Le travail en tandem


Au soir de sa défaite, le 6 mai 2012, M. Sarkozy a eu les bons mots pour émouvoir la France.

PAR BERNARD WALTER

« Je porte toute la responsabilité de cette défaite ». Quelle dignité dans l’adversité!

Oui mais…

Sa porte-parole, Nathalie Kosciusko-Morizet, a déclaré une poignée de minutes auparavant:  « Si ce soir Hollande a été élu, c’est qu’il y a beaucoup de votes blancs, et voter blanc, c’est voter François Hollande ».

Au soir d’une élection de cette importance, on est en droit de considérer que la porte-parole d’un Président a reçu des consignes, que donc ce qu’elle déclare sur un plateau de télévision engage totalement le patron pour qui elle travaille.

A côté de la porte-parole de M. Sarkozy se trouvait le représentant du Front national qui lui a envoyé une volée de bois vert, disant que si la droite avait perdu, elle ne pouvait s’en prendre qu’à elle-même.
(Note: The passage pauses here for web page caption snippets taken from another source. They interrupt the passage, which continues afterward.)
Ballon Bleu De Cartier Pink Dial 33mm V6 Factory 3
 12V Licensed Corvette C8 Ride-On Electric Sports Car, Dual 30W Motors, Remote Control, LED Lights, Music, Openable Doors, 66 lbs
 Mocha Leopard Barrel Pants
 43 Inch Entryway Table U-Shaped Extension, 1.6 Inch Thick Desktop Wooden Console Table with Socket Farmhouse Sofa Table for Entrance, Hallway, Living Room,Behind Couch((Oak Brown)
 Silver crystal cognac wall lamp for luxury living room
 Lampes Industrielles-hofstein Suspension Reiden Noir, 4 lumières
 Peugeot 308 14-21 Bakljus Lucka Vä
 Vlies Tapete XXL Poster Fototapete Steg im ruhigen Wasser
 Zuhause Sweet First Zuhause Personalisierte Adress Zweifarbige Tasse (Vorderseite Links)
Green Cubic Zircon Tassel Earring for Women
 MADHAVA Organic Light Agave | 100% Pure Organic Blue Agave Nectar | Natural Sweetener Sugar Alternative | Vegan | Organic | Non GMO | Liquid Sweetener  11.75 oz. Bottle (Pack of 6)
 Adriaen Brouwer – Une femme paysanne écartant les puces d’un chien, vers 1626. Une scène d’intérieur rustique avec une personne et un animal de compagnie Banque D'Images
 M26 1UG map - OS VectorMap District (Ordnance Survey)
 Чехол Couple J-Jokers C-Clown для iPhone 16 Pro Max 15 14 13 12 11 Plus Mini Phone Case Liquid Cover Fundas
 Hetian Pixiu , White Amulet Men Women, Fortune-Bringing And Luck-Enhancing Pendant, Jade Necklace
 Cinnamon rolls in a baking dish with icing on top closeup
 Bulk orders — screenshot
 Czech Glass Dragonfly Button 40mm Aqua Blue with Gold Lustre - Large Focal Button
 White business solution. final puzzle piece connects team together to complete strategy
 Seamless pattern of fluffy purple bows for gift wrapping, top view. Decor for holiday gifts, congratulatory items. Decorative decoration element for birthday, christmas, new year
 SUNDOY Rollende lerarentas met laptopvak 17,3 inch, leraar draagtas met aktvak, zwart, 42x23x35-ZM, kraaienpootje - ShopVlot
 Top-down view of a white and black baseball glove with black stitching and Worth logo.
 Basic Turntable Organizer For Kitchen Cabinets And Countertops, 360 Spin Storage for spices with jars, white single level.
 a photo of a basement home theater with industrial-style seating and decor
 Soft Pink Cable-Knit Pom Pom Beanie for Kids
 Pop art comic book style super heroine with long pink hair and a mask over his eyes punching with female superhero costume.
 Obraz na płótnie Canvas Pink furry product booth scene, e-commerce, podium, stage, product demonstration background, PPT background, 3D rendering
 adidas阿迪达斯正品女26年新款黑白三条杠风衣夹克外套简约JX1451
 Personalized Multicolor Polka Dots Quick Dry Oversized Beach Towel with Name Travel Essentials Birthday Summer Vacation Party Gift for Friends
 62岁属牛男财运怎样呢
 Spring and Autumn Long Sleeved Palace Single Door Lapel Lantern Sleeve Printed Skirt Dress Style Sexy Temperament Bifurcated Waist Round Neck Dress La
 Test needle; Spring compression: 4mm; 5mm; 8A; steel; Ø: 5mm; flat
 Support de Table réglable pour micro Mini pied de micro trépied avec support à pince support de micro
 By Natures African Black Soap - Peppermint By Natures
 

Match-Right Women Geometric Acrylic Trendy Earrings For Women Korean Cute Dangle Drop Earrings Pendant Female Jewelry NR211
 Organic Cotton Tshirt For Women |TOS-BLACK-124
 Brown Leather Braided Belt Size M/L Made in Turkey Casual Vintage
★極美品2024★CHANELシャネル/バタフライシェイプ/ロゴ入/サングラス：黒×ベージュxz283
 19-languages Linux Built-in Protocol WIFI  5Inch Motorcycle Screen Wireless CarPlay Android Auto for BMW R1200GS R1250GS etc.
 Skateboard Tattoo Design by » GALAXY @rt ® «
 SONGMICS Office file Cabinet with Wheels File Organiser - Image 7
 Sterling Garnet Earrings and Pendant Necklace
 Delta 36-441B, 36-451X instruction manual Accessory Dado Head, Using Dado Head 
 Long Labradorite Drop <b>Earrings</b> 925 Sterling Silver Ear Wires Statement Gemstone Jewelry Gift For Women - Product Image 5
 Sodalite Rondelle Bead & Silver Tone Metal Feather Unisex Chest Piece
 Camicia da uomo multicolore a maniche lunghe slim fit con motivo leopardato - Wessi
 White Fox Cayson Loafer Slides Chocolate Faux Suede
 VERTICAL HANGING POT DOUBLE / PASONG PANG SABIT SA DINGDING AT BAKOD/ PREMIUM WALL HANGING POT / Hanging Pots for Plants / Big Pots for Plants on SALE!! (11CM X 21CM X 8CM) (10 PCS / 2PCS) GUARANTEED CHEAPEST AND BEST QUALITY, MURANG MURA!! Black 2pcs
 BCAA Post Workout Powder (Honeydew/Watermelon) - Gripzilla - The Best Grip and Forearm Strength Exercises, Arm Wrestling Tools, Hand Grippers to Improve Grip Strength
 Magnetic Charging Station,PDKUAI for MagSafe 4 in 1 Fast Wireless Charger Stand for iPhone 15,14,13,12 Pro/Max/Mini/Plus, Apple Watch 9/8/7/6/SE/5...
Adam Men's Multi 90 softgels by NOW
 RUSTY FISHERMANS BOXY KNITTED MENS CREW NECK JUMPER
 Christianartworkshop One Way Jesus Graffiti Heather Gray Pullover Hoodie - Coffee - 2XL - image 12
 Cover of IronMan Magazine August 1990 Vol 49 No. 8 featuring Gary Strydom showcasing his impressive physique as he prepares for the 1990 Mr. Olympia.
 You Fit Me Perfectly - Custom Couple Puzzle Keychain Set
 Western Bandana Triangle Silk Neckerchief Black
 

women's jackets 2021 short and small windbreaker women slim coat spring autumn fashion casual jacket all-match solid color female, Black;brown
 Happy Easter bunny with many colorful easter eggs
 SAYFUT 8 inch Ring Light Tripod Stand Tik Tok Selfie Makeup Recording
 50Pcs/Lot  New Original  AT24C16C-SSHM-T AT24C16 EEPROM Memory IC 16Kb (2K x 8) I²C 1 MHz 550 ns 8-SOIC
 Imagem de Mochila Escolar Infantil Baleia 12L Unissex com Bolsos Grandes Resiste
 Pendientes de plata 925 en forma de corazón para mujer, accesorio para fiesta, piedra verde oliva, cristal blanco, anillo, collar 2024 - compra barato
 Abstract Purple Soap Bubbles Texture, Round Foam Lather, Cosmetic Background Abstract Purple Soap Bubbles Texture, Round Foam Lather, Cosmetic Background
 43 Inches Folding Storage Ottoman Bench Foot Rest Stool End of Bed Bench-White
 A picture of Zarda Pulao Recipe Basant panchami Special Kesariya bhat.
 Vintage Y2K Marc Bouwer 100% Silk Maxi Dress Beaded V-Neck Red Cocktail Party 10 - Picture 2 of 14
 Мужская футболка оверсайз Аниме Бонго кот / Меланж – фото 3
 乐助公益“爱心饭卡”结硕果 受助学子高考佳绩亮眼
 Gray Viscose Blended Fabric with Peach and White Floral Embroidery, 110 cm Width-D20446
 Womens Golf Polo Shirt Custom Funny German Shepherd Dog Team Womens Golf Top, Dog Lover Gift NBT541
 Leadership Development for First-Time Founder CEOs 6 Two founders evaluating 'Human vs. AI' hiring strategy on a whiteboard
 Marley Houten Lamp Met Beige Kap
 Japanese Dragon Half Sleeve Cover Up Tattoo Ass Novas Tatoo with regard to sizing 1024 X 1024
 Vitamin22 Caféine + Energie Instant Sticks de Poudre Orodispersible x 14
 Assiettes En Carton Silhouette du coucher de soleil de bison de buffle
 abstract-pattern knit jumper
Madame Kosciusko faisait piètre mine, ridiculisée qu’elle était devant des millions de téléspectateurs!

Mais le message a passé pour les militants à qui l’on a donné une cible sur laquelle reporter leur frustration.

Quelques minutes plus tard, des millions de spectateurs étaient donc invités à découvrir la grandeur d’âme de Monsieur Sarkozy. L’honneur était sauf.

La duplicité du message est répartie: le chef s’en attribue la part glorieuse, à son serviteur d’en assumer l’aspect problématique. C’est ce qu’on peut appeller du « travail en tandem ».

Ce sont les nouvelles d’Allemagne qui ont attiré mon attention sur ce genre de pratique dont je n’avais jusque-là pas vraiment pris conscience. Le tandem se nomme cette fois Merkel-Weidmann.

Au télétexte de la télévision romande, le 12 mai 2012, la nouvelle suivante était diffusée: «Jens Weidmann, président de la banque centrale allemande, a mis en garde samedi François Hollande. Il a ainsi exhorté le nouveau président français à ne pas toucher au poste budgétaire européen… Une modification des statuts de la banque allemande serait dangereuse.»
Je n’ai pu retenir un mouvement de stupéfaction. Comment un fonctionnaire, quel que soit son grade, peut-il se permettre ainsi de s’adresser publiquement à un Président élu, au moment où celui-ci va entrer en fonction, et qui plus est sur le ton de la menace? Nous allons au devant de l’incident diplomatique, ou à tout le moins, c’est un climat de division qui d’emblée s’annonce. Et Madame Merkel, dans tout cela? J’apprends par internet que Jens Weidmann est surnommé par la presse allemande «l’homme qui murmure à l’oreille de la chancelière» et qu’il est depuis cinq ans son principal conseiller économique… qu’est-ce qu’elle doit être contrariée d’un tel manque de respect des convenances de la part d’un de ses proches!

Eh bien, à la page suivante de ce même télétexte, nous avons la réponse: «Mme Merkel a déclaré croire possible un partenariat stable. (…) François Hollande sera reçu avec les honneurs militaires. ( …) Les deux dirigeants doivent s’entretenir de la crise dans la zone euro et des relations bilatérales.»

J’imagine un parrain de la mafia qui a envoyé un de ses hommes de main (d’autres diraient un «porte-parole») à un concurrent avant une réunion conjointe: «Ça va très bien se passer, mais attention, il te faudra être sage, et savoir qui commande.»

François Hollande est averti. Et puisqu’un homme averti en vaut deux, c’est en tandem qu’il ira le 15 mai trouver Madame Merkel à Berlin.